Thoracic cage

Thoracic cage

The thoracic cage (rib cage) is the skeletal framework of the thoracic wall, which encloses the thoracic cavity. The thoracic cage consists of the 12 thoracic vertebrae, the associated intervertebral discs, 12 pairs of ribs with their costal cartilages, and the sternum.

The shape of the thoracic cage is like a domed bird cage with the horizontal bars formed by ribs and their associated costal cartilages. The thoracic cage is supported anteriorly by the sternum, and posteriorly by the thoracic part of the vertebral column.

Because cartilaginous structures such as the intervertebral discs (between the thoracic vertebrae) and costal cartilages participate in forming the thoracic cage, it can be also described as an osteocartilaginous cage.

The main functions of the thoracic cage include:

  • supporting the thorax,
  • protecting internal thoracic organs from injury,
  • resisting the negative pressures that are generated by the elastic recoil of the lungs and movements induced by respiration,
  • providing attachment for the upper limbs,
  • supporting the weight of the upper limbs,
  • providing the attachment sites for many muscles that participate in moving and positioning the upper limbs in relation to the trunk.
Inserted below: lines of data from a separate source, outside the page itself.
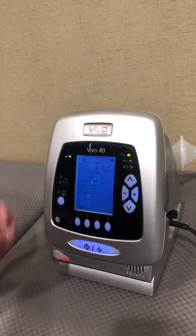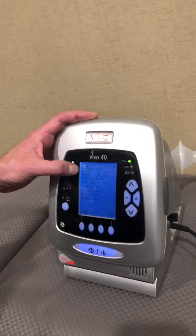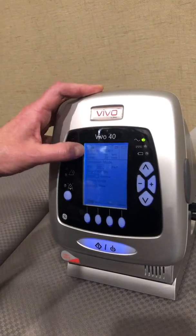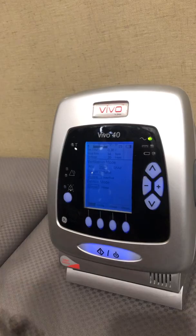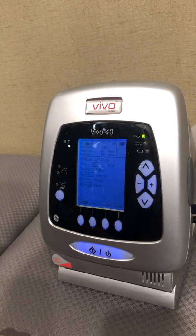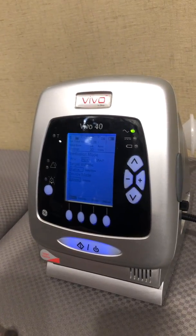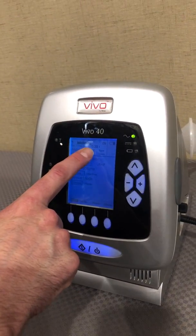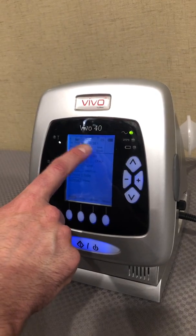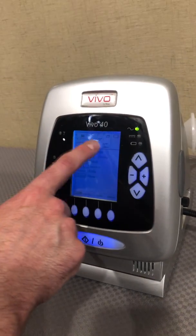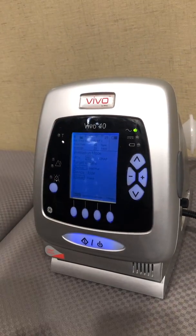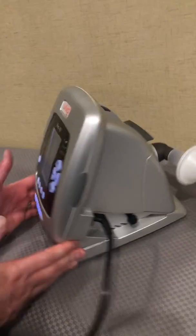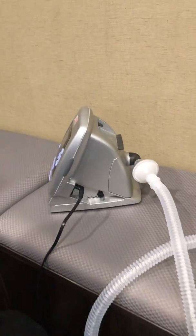Up at the top we have our patient values. That tidal volume, as you can see, is slowly climbing and should eventually get to 500.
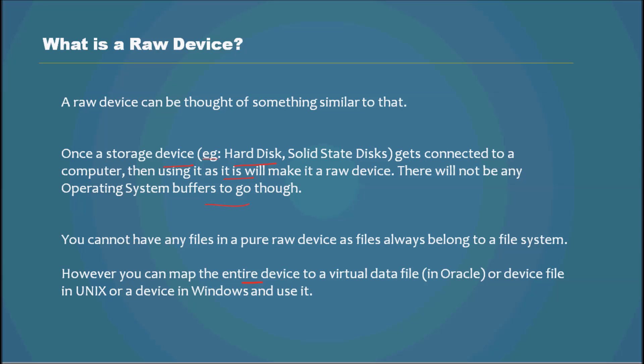So basically, you get a hard drive and then you don't install any file system on it, and basically that entire hard drive you use it as a raw device.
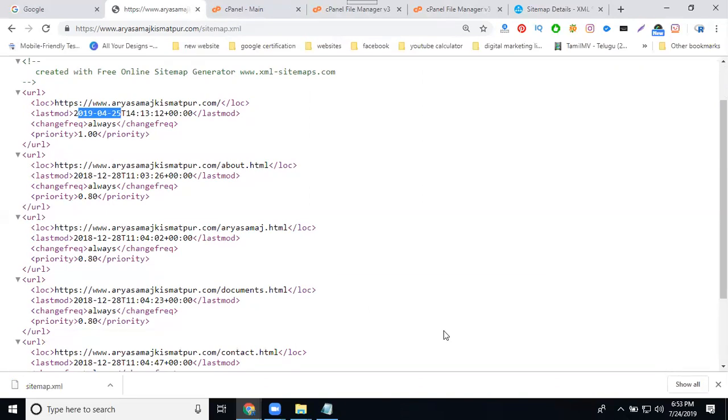So after downloading, login to cPanel file manager, public underscore HTML, and upload the file. This is the process for uploading XML sitemap. Without XML sitemap, we can't find out the page count, page index, and page modification.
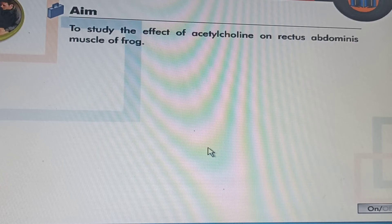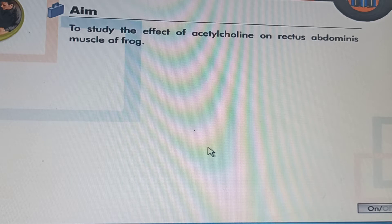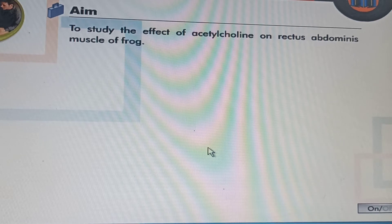Hello dear students. The title of this experiment is to interpret from the graph by observing the effect of acetylcholine on isolated rectus abdominis muscle of a frog. So let's start our experiment.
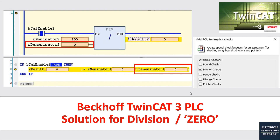Hello, everyone. In this video, I'd like to discuss how to enable the implicit checks feature to solve the divide-by-zero denominator equal to zero issue. I will use TwinCat 3.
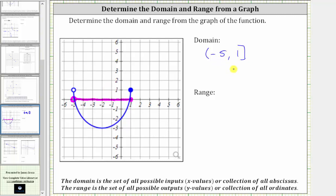We can also express the domain using inequalities: x is greater than negative five and less than or equal to positive one.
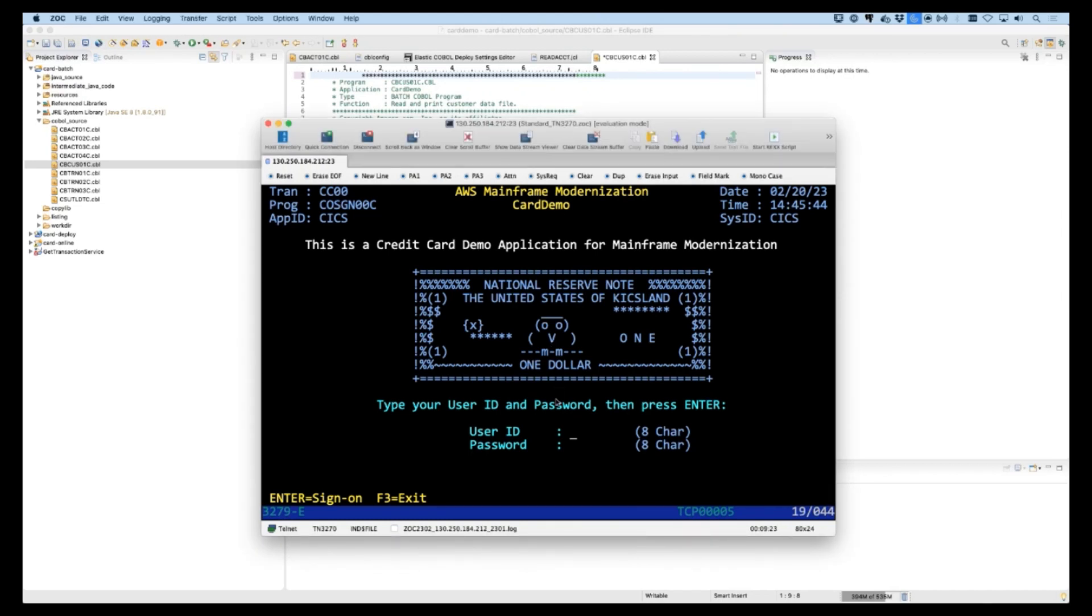What we're going to showcase today is how Heirloom's mainframe migration solution can take the open source AWS card application from the mainframe to an AWS Elastic Beanstalk cloud environment in a single click.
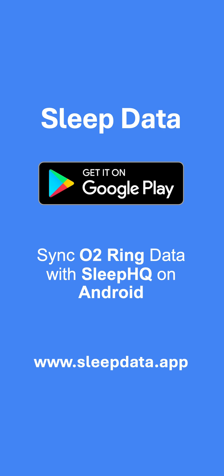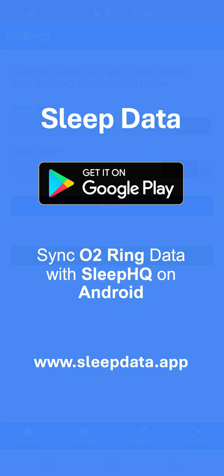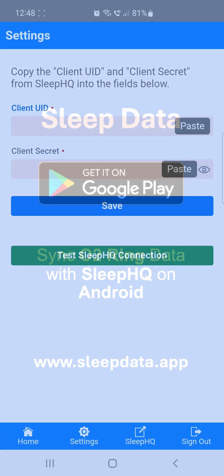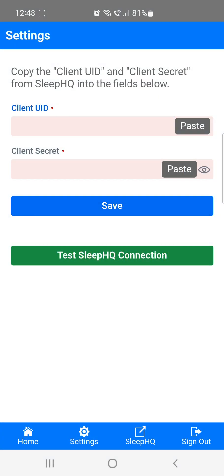First, head to the Google Play Store and download the app called Sleep Data. Once the installation is complete, you can either create a free account or sign in with your Google account if you have one. After you've signed up, the first thing you'll want to do is go to the Settings section.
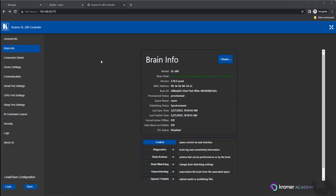To begin, you need to locate the deep link address. Copy the address and then paste it into the URL of a new browser window to launch the web control for the brain.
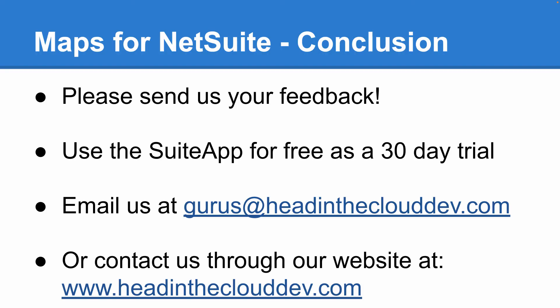And that concludes the tour of Maps for NetSuite. At Head in the Cloud Development, we're always looking for ideas to make our products better. Please get in touch if you have any comments or questions. You can email us at gurus at headintheclouddev.com or contact us through our website at www.headintheclouddev.com. We'll see you at Suite World. Thanks for watching.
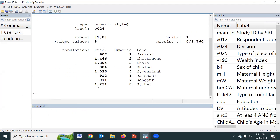The categories are Barisal, Chittagong, Dhaka, Khulna, Mymensingh, Rajshahi, and Rangpur — the administrative divisions in Bangladesh.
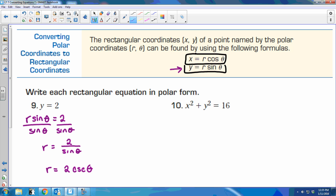We're trying to rewrite where it says y equals 2 into a polar equation, so we need r's and thetas.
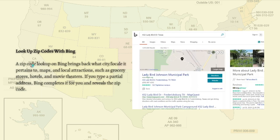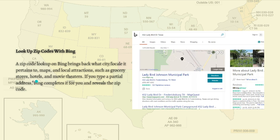The next process is to look up zip codes with Bing. A zip code lookup on Bing brings back information about what city or locality it pertains to, a map, and local attractions such as grocery stores, hotels, and movie theaters. If you type a partial address, Bing completes it for you and reveals the zip code. And that's it for this video — that's how you can find the zip code of your location through Google and Bing.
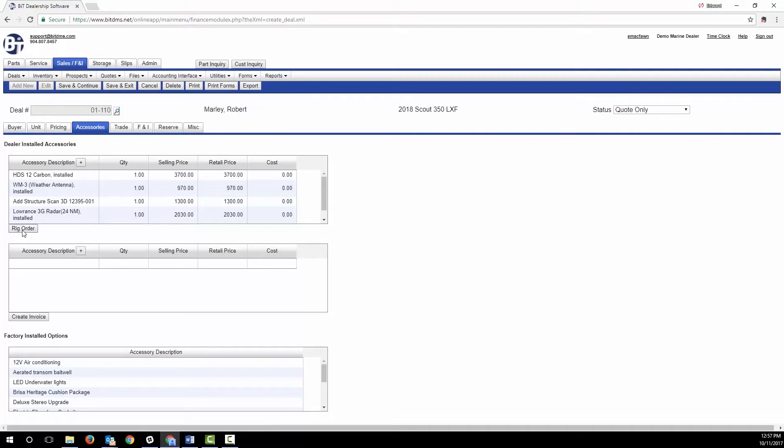The rig order will inform the service or rigging department what's needed, and then it will apply the cost to the parts, accessories, and labor to the boat so you track true profitability of the deal as well as pulling the parts out of stock.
The sternum is a bone that is located in the anterior midline of the thorax, supporting the thoracic cage anteriorly. The three parts of the sternum are:

  • manubrium of the sternum - the most superior part that articulates with clavicles and the first pair of ribs;
  • body of the sternum - the middle part that articulates with 3rd to 7th ribs;
  • xiphoid process - a small cartilaginous extension of the lower sternum.

Thoracic vertebrae

There are twelve vertebrae forming the thoracic part of the vertebral column. This part of the vertebral column supports the thoracic cage posteriorly.

A special characteristic of the thoracic vertebrae is that they articulate with ribs. The typical thoracic vertebra has a somewhat heart-shaped vertebral body when viewed from above and a circular vertebral foramen. The vertebral body of a typical thoracic vertebra has two partial facets (superior and inferior costal facets) on each side for articulation with the head of its corresponding rib and the head of the rib below.  Each transverse process of these vertebrae has a transverse costal facet that articulates with the tubercle of its corresponding rib.


The ribs are long, flat, curved bones that form most of the thoracic cage. There are twelve pairs of ribs, all of which articulate with the vertebral column, while only the first seven ribs directly articulate with the sternum. The ribs also provide attachment sites for thoracic muscles.

The ribs can be classified based on their articulations:

  • ribs 1 to 7 are considered the true or vertebrosternal ribs, which attach directly to the sternum via their own costal cartilage;
  • ribs 8 to 10 are the false or vertebrochondral ribs, which are connected to the sternum indirectly via the cartilage of the rib above them;
  • floating or free - ribs 11 and 12, which do not articulate with other ribs, costal cartilages or sternum; their cartilages tend to end within the abdominal musculature.

Intercostal spaces

The thoracic cage presents with spaces between adjacent ribs, which are called intercostal spaces. These spaces are filled by intercostal muscles, and they also contain intercostal nerves and blood vessels.

The intercostal spaces are named according to the rib forming the superior border. For example, the space below the 2nd rib (between the 2nd rib and 3rd rib) is called the 2nd intercostal space. Therefore, there are 11 intercostal spaces in the thoracic cage. The space below the 12th rib is called the subcostal space. 

Eleven intercostal nerves and two sets (main and collateral) of intercostal blood vessels are also named by the same number assigned to the according intercostal space.


There are several joints that participate in forming the thoracic cage, including:

  • intervertebral joints - between adjacent vertebrae;
  • sternoclavicular joints - between the manubrium of sternum and the clavicles;
  • sternochondral joints - between the sternum and costal cartilages of ribs 1 to 7;
  • manubriosternal joint - between the manubrium and body of sternum;
  • xiphisternal joint - between the xiphoid process and the body of sternum;
  • costochondral joints - between costal cartilages and ribs;
  • costovertebral joints - formed by ribs and the bodies of corresponding vertebrae;
  • interchondral joints - joining the costal cartilages with each other.